Exercise:
With the pictures omitted, print exactly the lines below, from the one containing "Thermoplastics can be" through the one containing "Hi, this is", and nothing else.

Study material:
Start of Block

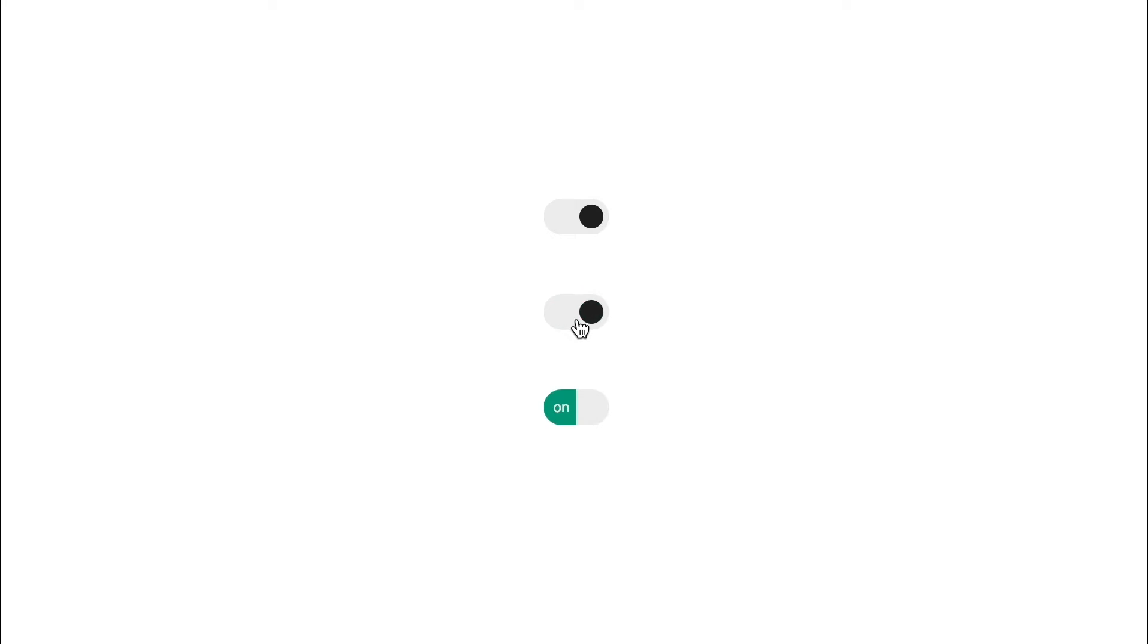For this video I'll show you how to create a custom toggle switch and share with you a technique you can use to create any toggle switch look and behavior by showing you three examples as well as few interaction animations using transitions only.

End of Block
Start of Block

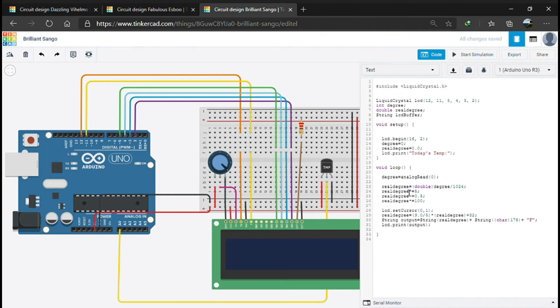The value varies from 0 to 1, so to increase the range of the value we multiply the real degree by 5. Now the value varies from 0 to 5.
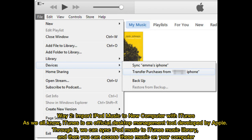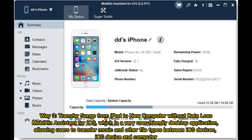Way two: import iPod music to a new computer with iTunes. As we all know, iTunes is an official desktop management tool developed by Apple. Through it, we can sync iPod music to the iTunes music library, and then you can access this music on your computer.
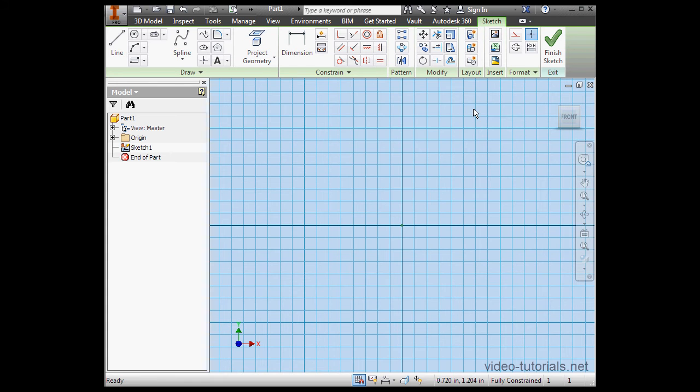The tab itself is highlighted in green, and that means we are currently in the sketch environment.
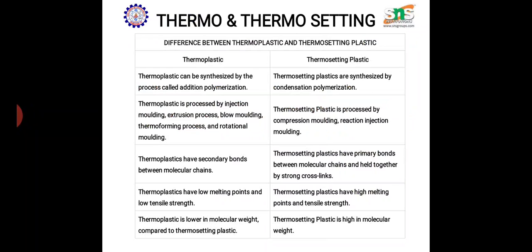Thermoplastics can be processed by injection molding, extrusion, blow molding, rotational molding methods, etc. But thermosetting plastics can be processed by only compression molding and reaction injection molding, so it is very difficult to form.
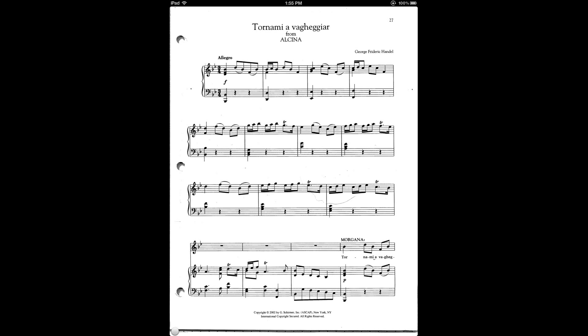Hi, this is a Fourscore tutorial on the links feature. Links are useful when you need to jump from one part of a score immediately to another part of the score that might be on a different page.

End of Block
Start of Block

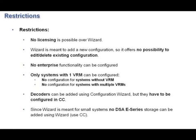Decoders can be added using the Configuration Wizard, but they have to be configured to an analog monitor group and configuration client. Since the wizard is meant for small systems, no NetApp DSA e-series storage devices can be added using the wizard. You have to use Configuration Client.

End of Block

Written answer:
Thermoplastics can be processed by injection molding, extrusion, blow molding, rotational molding methods, etc. But thermosetting plastics can be processed by only compression molding and reaction injection molding, so it is very difficult to form.
Hi, this is a Fourscore tutorial on the links feature. Links are useful when you need to jump from one part of a score immediately to another part of the score that might be on a different page.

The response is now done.